Le put options vengono, dunque, qualificate come accordi di manleva, ossia dei negozi atipici con funzioni di garanzia, in virtù dei quali un soggetto assume l’obbligo di sollevare un’altra parte, la quale acquisisce correlativamente il diritto di essere tenuta indenne dalle eventuali conseguenze patrimoniali dannose derivanti da un determinato evento, dalla condotta dello stesso mallevadore o di terzi. Tale accordo, nel nostro ordinamento, è considerato legittimo nella misura in cui alla base vi sia un interesse del mallevadore all’assunzione di oneri patrimoniali, a pena di nullità per mancanza o illiceità della causa.

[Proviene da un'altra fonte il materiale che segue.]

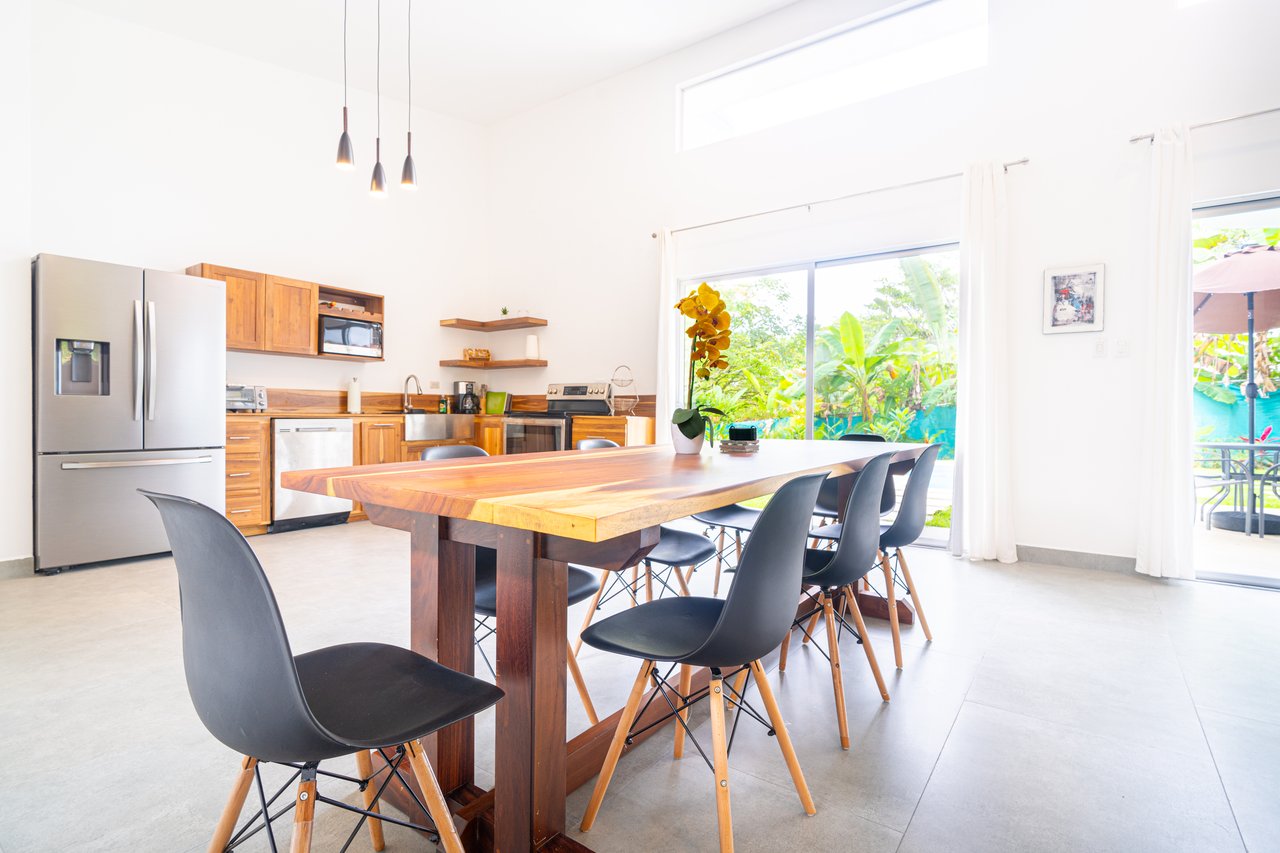 Brand New Home! Nature Lovers Escape by Uvita's Bamboo Forest and Swimming Holes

Tuttavia, la pronuncia appena esaminata non è stata sufficiente a fugare ogni dubbio circa la compatibilità delle opzioni put con il divieto di patto leonino. Pertanto la S.C. è dovuta intervenire un’altra volta con l’ordinanza n. 27277 del 7 ottobre 2021, mediante la quale ha precisato che “in tema di patti parasociali, è valida la previsione all’interno di essi di opzioni put e call tra i soci stipulanti, identificandosi la causa concreta del negozio in una forma di garanzia per il socio finanziatore, come tale rientrante nell’autonomia contrattuale concessa ai soci e pertanto meritevole di tutela da parte dell’ordinamento”.

Quello appena esposto rappresenta l’orientamento attuale della Corte in tema di put options, accolto e condiviso altresì dalla giurisprudenza di merito.

5. Conclusioni

Alla luce di quanto finora detto è possibile concludere che, nell’ipotesi di opzione put a prezzo preconcordato, occorrerà di volta in volta ricostruire la causa concreta del programma contrattuale, per valutare se esista, sia lecita e meritevole di tutela. Il patto non potrà, pertanto, ricadere nel divieto ex art. 2265 c.c. e supererà positivamente il vaglio ex art. 1322 c.c. (che disciplina l’autonomia contrattuale) laddove l’esclusione dalle perdite non sia strutturalmente assoluta e costante e non ne integri la funzione essenziale o causa in concreto, tenuto conto del regolamento negoziale nel suo complesso.